Traffic Jam on Snowdon
Posted: December 24, 2007
Filed under: Landscape
Tagged: crib goch, snowdon, wales
Comments: 1 Comment
Description
Here’s a photo everyone should recognise. At least I hope lots of people recognise it given the crowds that were on top of this the day I took the picture.
Snowdon is the highest mountain in Wales, it’s also one of the easiest to summit; the Victorians helpfully built a railway to the top and the National Trust maintain a very wide, very flat path up the side. This path is known as the Tourist Path and is an insanely boring trudge from its beginning at Llanberis. It’s much better to go up Snowdon from the car park at Pen-y-pas via the Miner’s or Pyg track as they’re steeper and much more interesting.
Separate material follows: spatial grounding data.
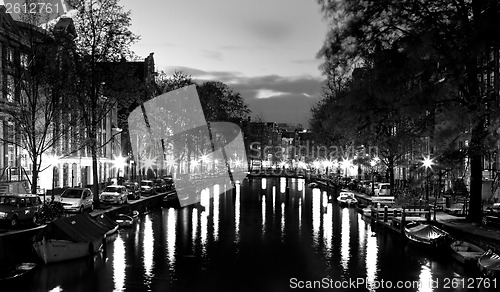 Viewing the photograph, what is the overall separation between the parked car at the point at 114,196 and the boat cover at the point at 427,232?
97.6 ft

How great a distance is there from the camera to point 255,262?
3281cm

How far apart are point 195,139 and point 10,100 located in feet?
170

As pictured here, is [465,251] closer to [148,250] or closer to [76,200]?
[148,250]

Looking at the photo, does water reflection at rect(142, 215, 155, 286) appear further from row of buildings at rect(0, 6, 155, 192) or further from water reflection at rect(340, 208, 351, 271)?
water reflection at rect(340, 208, 351, 271)

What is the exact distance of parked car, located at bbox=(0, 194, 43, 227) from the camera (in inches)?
1332

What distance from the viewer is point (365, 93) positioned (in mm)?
36625

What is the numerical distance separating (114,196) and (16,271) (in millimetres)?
29396

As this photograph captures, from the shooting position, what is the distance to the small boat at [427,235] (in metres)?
34.4

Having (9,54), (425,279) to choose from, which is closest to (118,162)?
(9,54)

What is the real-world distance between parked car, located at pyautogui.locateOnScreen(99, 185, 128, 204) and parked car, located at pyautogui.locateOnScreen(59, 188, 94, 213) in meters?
6.45

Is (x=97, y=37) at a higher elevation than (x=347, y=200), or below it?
higher

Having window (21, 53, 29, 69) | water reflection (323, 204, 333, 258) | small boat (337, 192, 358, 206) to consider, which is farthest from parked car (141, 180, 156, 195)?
window (21, 53, 29, 69)

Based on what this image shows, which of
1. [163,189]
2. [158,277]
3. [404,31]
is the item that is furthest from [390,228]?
[163,189]

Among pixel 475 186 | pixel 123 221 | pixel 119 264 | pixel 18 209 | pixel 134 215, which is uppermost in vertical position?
pixel 475 186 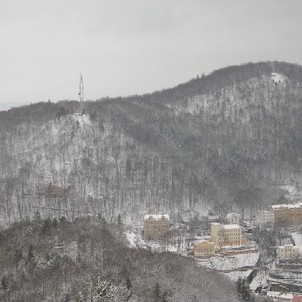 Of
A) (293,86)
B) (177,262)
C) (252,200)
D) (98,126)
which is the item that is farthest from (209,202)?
(293,86)

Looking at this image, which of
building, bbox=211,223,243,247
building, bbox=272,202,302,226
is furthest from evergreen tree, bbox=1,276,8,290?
building, bbox=272,202,302,226

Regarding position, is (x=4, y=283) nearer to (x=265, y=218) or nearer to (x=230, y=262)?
(x=230, y=262)

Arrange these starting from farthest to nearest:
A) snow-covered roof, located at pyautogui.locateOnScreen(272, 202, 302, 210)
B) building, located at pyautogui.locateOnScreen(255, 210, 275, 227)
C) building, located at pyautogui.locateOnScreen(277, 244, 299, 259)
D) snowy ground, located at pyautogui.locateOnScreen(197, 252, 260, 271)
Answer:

There’s also a third way over the ridge called Crib Goch. That’s the route me and my dad chose along with about forty other randoms. It’s a nice scramble and totter over broken rock, exposed ledges and some parts that wouldn’t look out of place in the Lord of the Rings. It’s not a good place to fall off though, as someone found out on that day. We’d just reached the summit cairn and noticed a yellow mountain rescue helecopter flying around the beginning of Crib Goch. If you’ve been into the mountains for a while these things become less interesting and most of the time are out for a practise. Not this time though, upon reaching the bottom again we learned that someone had fallen off the beginning of the ridge and needed the helecopter to collect him.
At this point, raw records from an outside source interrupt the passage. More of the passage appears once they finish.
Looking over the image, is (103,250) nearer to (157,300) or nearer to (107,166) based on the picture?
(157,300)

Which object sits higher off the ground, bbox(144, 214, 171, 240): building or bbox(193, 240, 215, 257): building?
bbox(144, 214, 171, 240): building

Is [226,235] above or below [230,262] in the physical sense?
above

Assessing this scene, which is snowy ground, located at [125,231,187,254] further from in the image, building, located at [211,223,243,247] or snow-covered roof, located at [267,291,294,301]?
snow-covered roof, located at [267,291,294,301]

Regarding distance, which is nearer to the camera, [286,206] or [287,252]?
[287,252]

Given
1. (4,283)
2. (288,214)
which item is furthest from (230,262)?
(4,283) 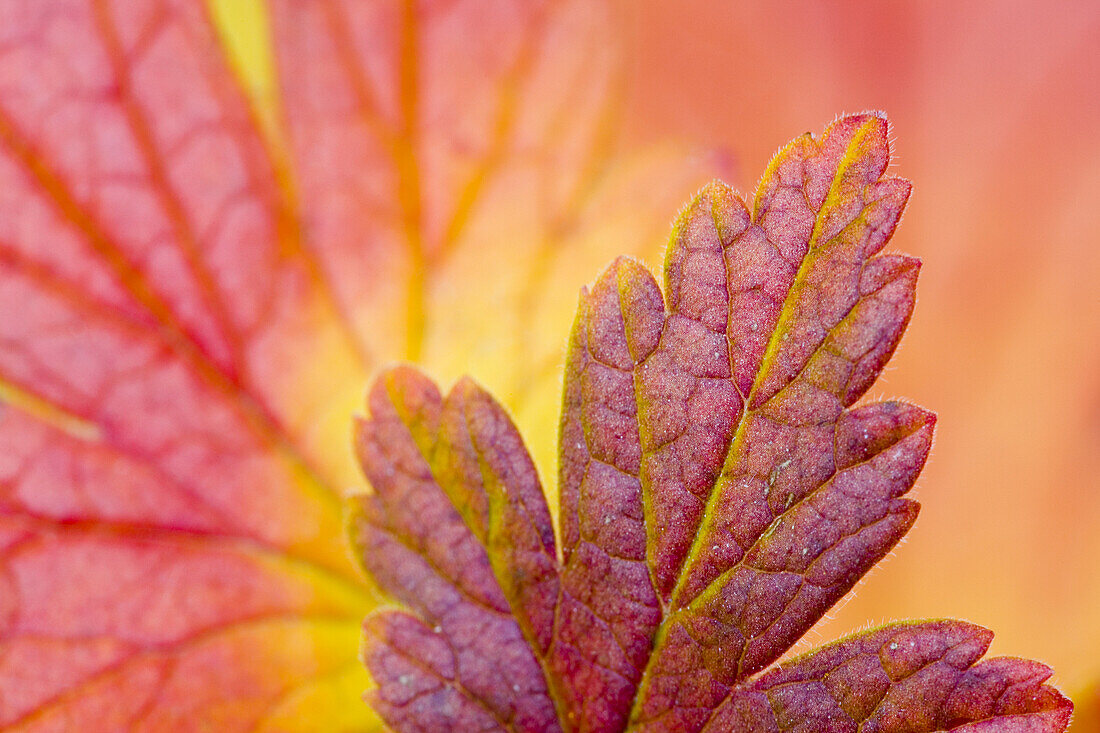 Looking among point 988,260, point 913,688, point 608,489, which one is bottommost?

From our vantage point on the ridge Snowdon looked like an ant-hill, there were hundreds of small black shapes swarming all over it. I could easily see two hundred other people out for a walk. This photo was taken from about half way along Crib Goch looking towards the summit. If I recall this correctly I was precariously balanced on one leg, the other hooked behind a bit of rock to keep my balance in the strong gusts that tried their best to blow me into the lake at the bottom. It’s not the situation to get out a tripod, think about composition for too long and ponder camera settings. I simply turned my camera on, told it I wanted the “landscape” preset and lined up what I hoped was something interesting in the sun-dazzled LCD and pressed the shutter several times. As with most pictures done in this way I ended up with about six photos that were “almost” good, one totally fuzzy mess and this which I had printed and is now on the wall at the bottom of my stairs.